Shurooq is also harnessing the power of private and public partnerships (PPPs) to ramp up its infrastructure developments through the exchange of complementary expertise and shared commercial and development interests, thus becoming a key driver of growth in Sharjah’s PPP sector.

We have seen how the UAE’s advanced digital infrastructure enabled the entire nation to transform to a new mode of working almost overnight when the Covid-19 lockdown was imposed earlier this year. Every government department in Sharjah has been part of the emirate’s plan for digital transformation, and thus, were able to quickly adapt to the situation. For us, it continued to be business as usual.

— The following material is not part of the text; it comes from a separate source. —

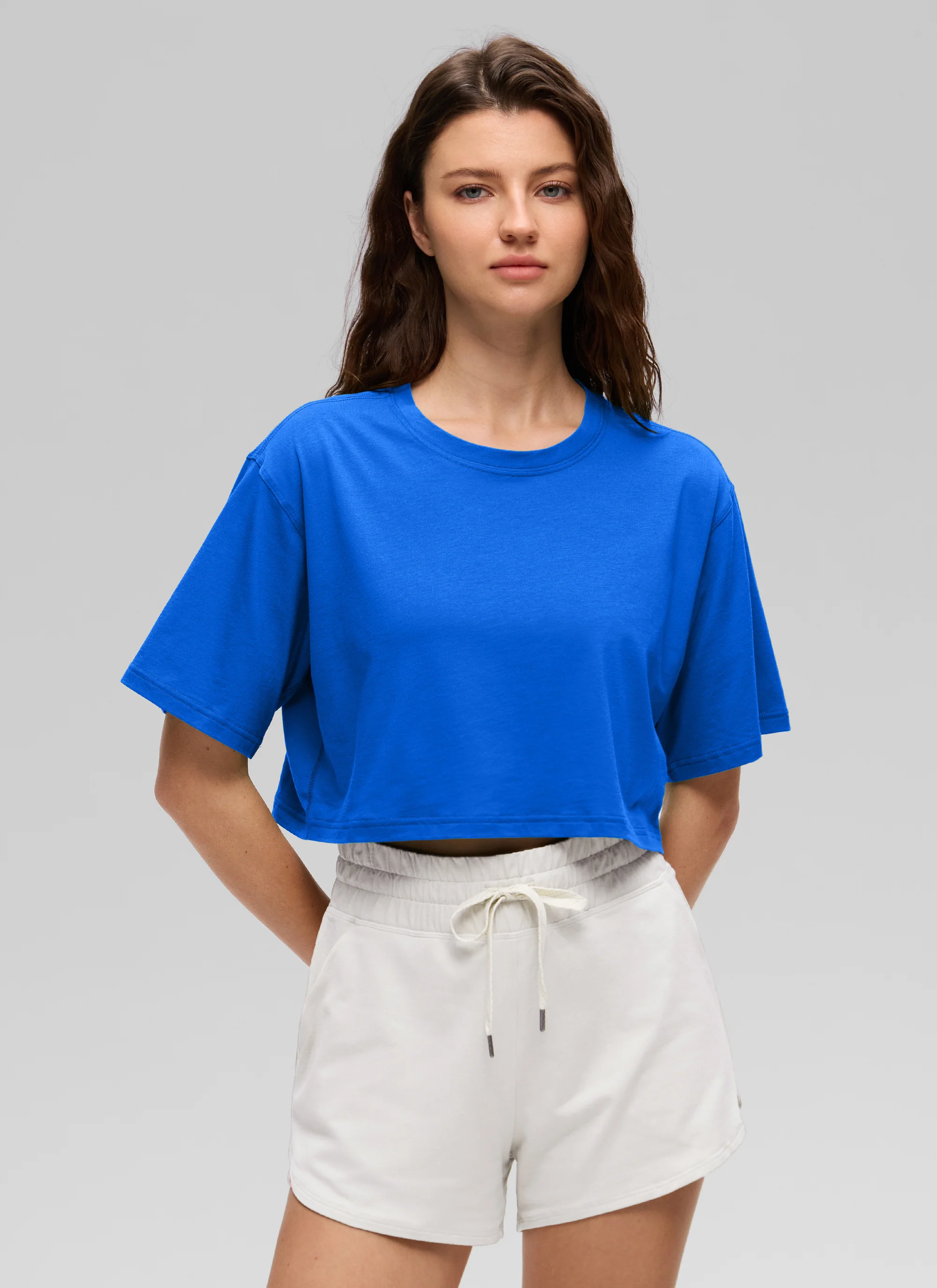Pima Cotton Cropped Short Sleeve - Image 38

So, while the second quarter fell short on expectations, Q3’s economic performance looks promising as we are slowly lifting off restrictions on business, travel, and public life, which have all been boding well for the nation’s overall economic recovery. Moreover, continued government stimulus measures by both the Federal Government, which implemented an AED100 billion stimulus package, as well as Sharjah’s AED4bn aid programme, should further support a rebound in the second half of 2020.

Renewed focus on local agriculture, food security and vertical farming

The current crisis put food security on the top of our agenda. When countries are cut off from each other, sourcing food materials is of primary concern, especially for a nation like ours, which has been historically dependent mainly on imports.

In this context, an impressive rice growing experiment at the Al Dhaid research centre in Sharjah, where UAE University scientists in collaboration with South Korean experts are leveraging the latest technology of a water-saving drip irrigation system to nurture this global staple in the dry deserts of the emirate, is giving hope for other agricultural innovations.

We have also seen how Sharjah-based VeggiTech, an agro-tech company, has been disrupting the agriculture industry in the UAE by addressing the key challenges of traditional farming – soil, temperature and water, through its indoor vertical farms that employ grow light-assisted hydroponics, to create sustainable farms aligned to UAE’s vision of food security.

Sharjah is today an emerging hotbed of agricultural innovation in the UAE, especially as it is home to the Sharjah Research Technology & Innovation Park (SRTIP), which is adopting and supporting all research and innovations aimed at finding advanced technological solutions for agriculture.

Even before the onset of the pandemic, SRTIP has been conducting research into developing a soil-free vertical cultivation technology to produce sustainable local food all year round and thereby support the country’s environmental and sustainable farming goals.

Sharjah has therefore been actively looking at ways to support investors in this sector. Apart from VeggiTech, Sharjah’s Themar Al Emarat, is also making great strides in vertical farming. Going forward, we see great growth prospects in this sector.

‘Homegrown’ first when it comes to exploring new agricultural technology

Recent studies by consulting firms PricewaterhouseCoopers and Deloitte report that artificial intelligence (AI) will contribute around $320bn to the economies of Middle Eastern countries by 2030. The UAE and Saudi Arabia are expected to lead in this sector.

We aim to make Sharjah among the top cities in vertical farming and fish farming, in line with the UAE’s sustainable development goals outlined for this sector. Investors are welcome to Sharjah to fast track development in these exciting emerging sectors including, robotics, AI, and cyber security, among many others.

However, our development model is not only about global partnerships. We also think local when it comes to exploring new and innovative technology; Sharjah is already home to several start-ups that can help with future technology developments. Our constant endeavour is to harness local expertise by enabling homegrown companies to develop their full potential and boost their contribution to the growth of the economy.

We need to embrace risk and offer smaller businesses a robust support system where they will be able to focus on excellence, not worry about failures. The global economy will continue to churn out surprises; allowing innovation to thrive is the best way to be prepared for it.